**Input data:**
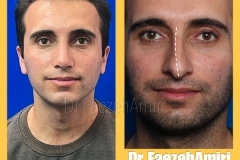 rhinoplasty-41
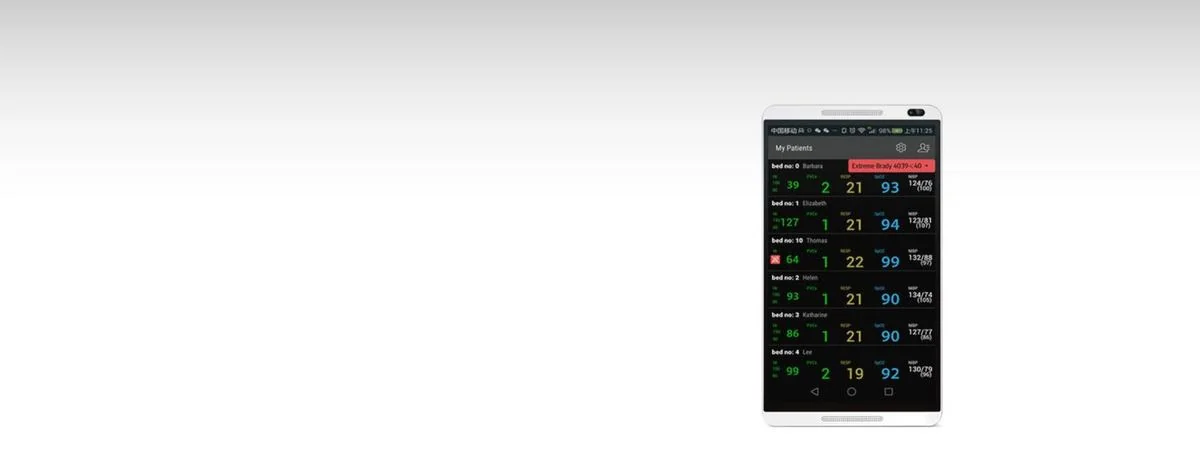 Монитор пациента Mindray BeneVision CMS Mobile Viewer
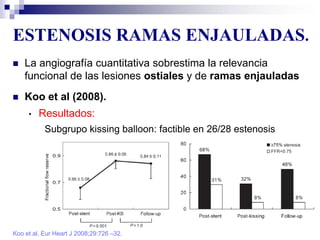 ESTENOSIS RAMAS ENJAULADAS.
Koo et al. Eur Heart J 2008;29:726 –32.
 La angiografía cuantitativa sobrestima la relevancia
funcional de las lesiones ostiales y de ramas enjauladas
 Koo et al (2008).
• Resultados:
Subgrupo kissing balloon: factible en 26/28 estenosis
 
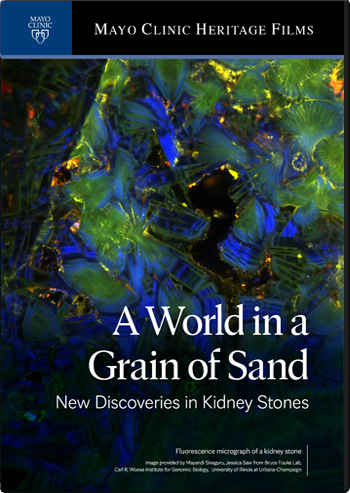 World in a grain of sand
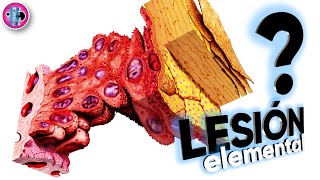 🔥LESIONES ELEMENTALES  Dermatología  Explicación clara [upl. by Sondra]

**Task to carry out:** Beginning with the line that contains "sobrestima la relevancia", repeat every remaining line of the data exactly, the last line included, and omit pictures.

**Solved problem:**
 La angiografía cuantitativa sobrestima la relevancia
funcional de las lesiones ostiales y de ramas enjauladas
 Koo et al (2008).
• Resultados:
Subgrupo kissing balloon: factible en 26/28 estenosis
 
 World in a grain of sand
 🔥LESIONES ELEMENTALES  Dermatología  Explicación clara [upl. by Sondra]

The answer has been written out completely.